O chão se abria em crateras com cada impacto, e as árvores ao redor já eram só lascas de madeira. Com um salto lateral, evitou o golpe e girou o machado em um arco poderoso. A lâmina acertou em cheio as escamas do wyrm.
— Agora sim — disse ele. — Me dê atenção!
A cabeça se virou em espasmos, as pupilas fendidas cravaram-se nos dois. Com um rosnado rouco, lançou outra cauda contra Nariz de Batata. O anão ergueu o cabo do machado para aparar, mas o impacto o atirou de costas pela folhagem úmida.
Logo em seguida, a bocarra do wyrm avançou numa mordida traiçoeira contra Josh.
O jovem apenas inclinou o corpo de lado, num gesto mínimo e sem pressa, destoando da violência do ataque.
— Por todos os barris de cerveja do norte... — resmungou Nariz de Batata ao se erguer. — Ele desvia como se isso fosse brincadeira.
O wyrm se enroscou entre os troncos ainda de pé. A barriga arrastava raízes e folhas. As asas abertas batiam contra as árvores próximas, enquanto buscava espaço. O pescoço se esticava, e os olhos varriam a clareira, atentos.
Nariz de Batata cravou os pés na terra. As pernas tremiam. A respiração saía curta, abafada pelo bigode úmido. Ele agarrou o cabo do machado com ambas as mãos e puxou com força. A lâmina se soltou do barro com um estalo surdo.
O anão cambaleou, mas firmou o passo. Avançou devagar. Cada músculo pesava, mas ainda erguia o machado com firmeza.
— Anda, maldito! — rosnou, a voz abafada pelo bigode. — Me dá uma chance…

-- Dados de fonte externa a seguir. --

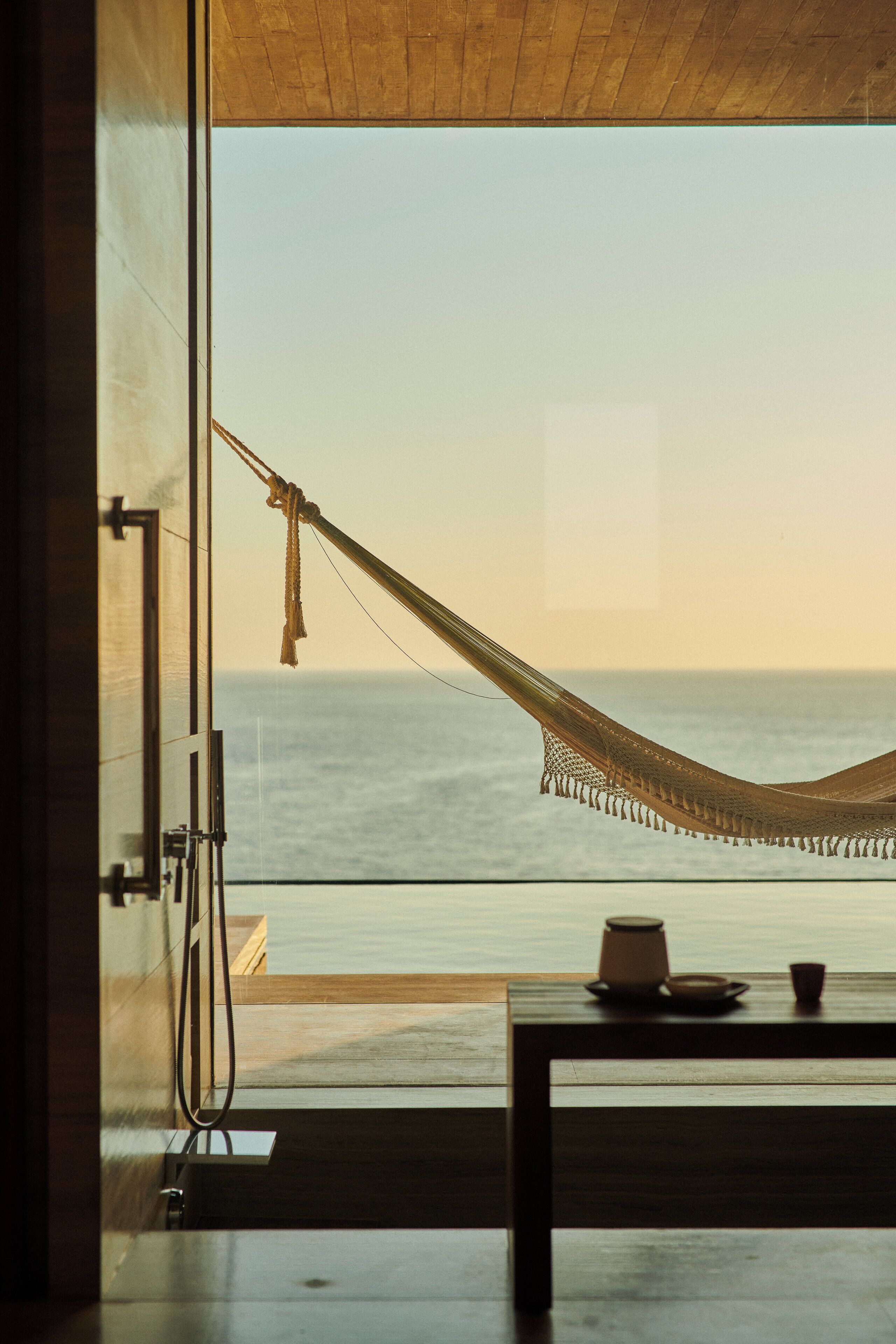 Panoramic Suite, 1 Bedroom (Cliffside, Infinity Pool) | Premium bedding, minibar, in-room safe, individually decorated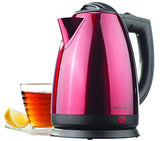 Brentwood Appliances KT-2013W 1.3L Cool-Touch Electric Kettle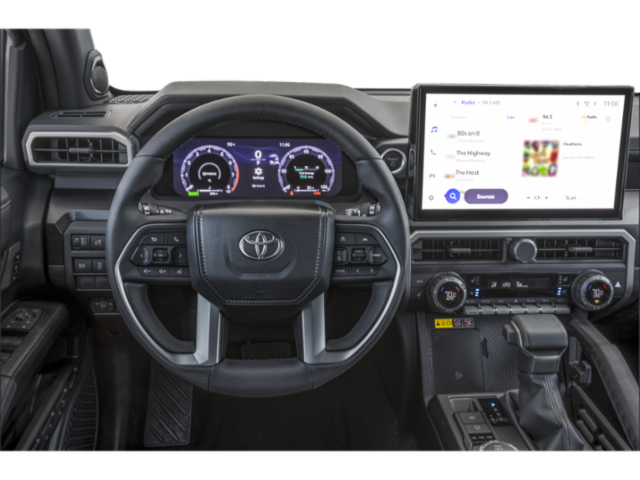 2026 Toyota 4Runner Hybrid Limited 4WD 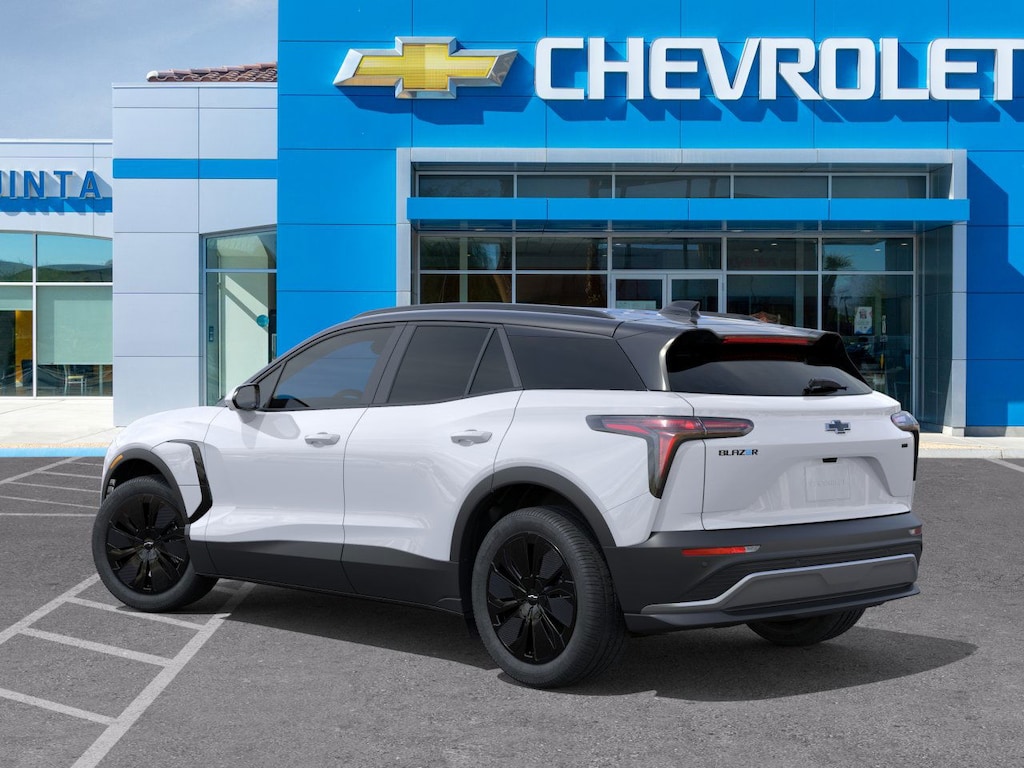 New 2026 Chevrolet Blazer EV LT SUV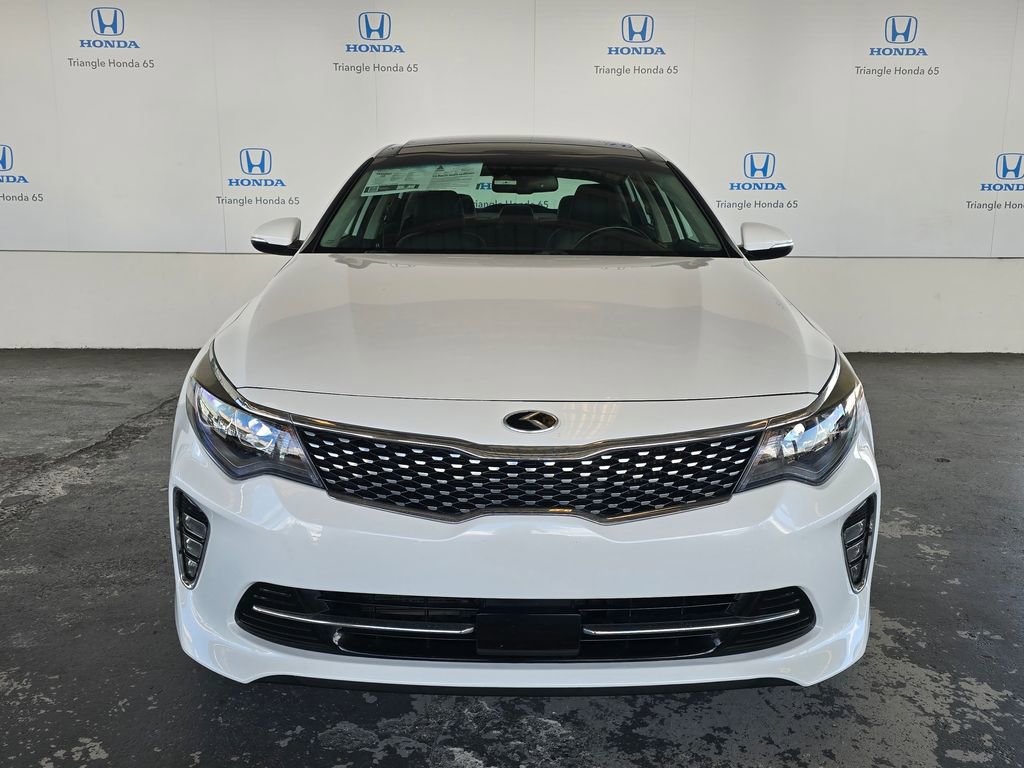 Used 2018 Kia Optima SX FWD image 26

As caudas não davam trégua. Estalavam perto, obrigando-o a rolar pelo barro e a se erguer de novo. Tentava golpear, mas o aço resvalava sem efeito contra as placas do monstro. O som seco ecoava pela clareira, cada golpe arrancando dele mais suor e mais fôlego.

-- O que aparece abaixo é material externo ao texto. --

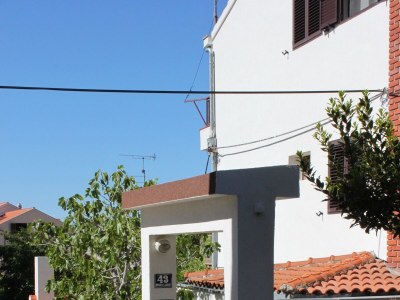 Apartment One bedroom apartment with terrace Vodice A-7604-c - Outdoor photo 8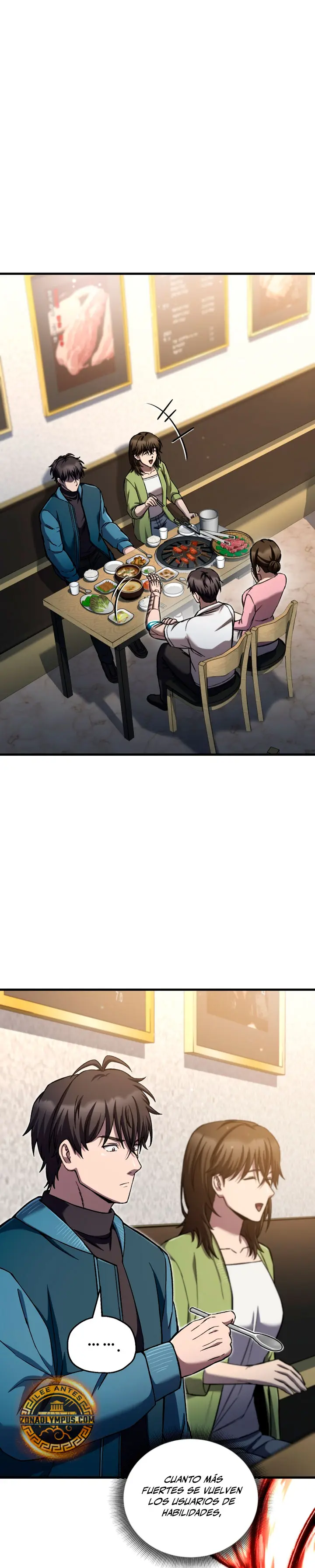 Resurrección solitaria capítulo 100 página 22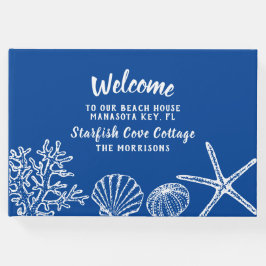 Herzlich willkommen auf unserer Beach House Ferien Gästebuch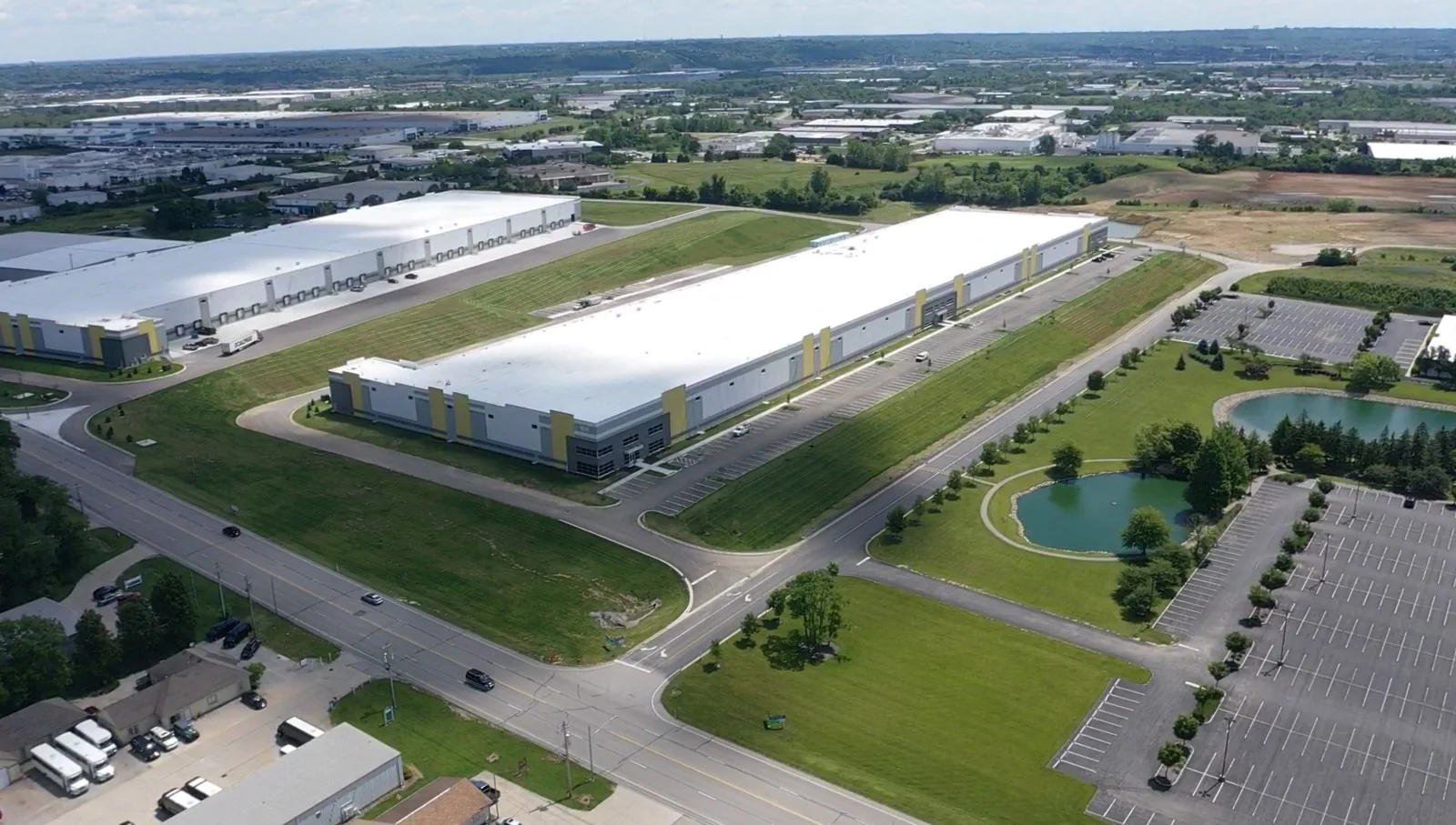 Industrial in Fairfield, OH — Lease in Fairfield, OH, photo 1 of 3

— Isso aqui não é pra anão velho… — resmungou entre dentes, baixo, mas audível. — Se eu cair, que seja com o machado no alto.
No alto, Garrik sobrevoava a clareira, o manto açoitado pelo vento. Lá embaixo, o wyrm arrastava o corpo ferido, asas abertas em esforço desesperado para se erguer. O couro rasgado pendia ao vento.
— Já vai embora, tão cedo? — murmurou, os olhos semicerrados.
As mãos cortaram o ar. Traços translúcidos riscaram o espaço, o frio condensava em volta dos dedos. Cristais surgiram como se o céu congelasse. O ar se partia em linhas brilhantes, e até os galhos mais próximos ficaram brancos, cobertos de gelo repentino.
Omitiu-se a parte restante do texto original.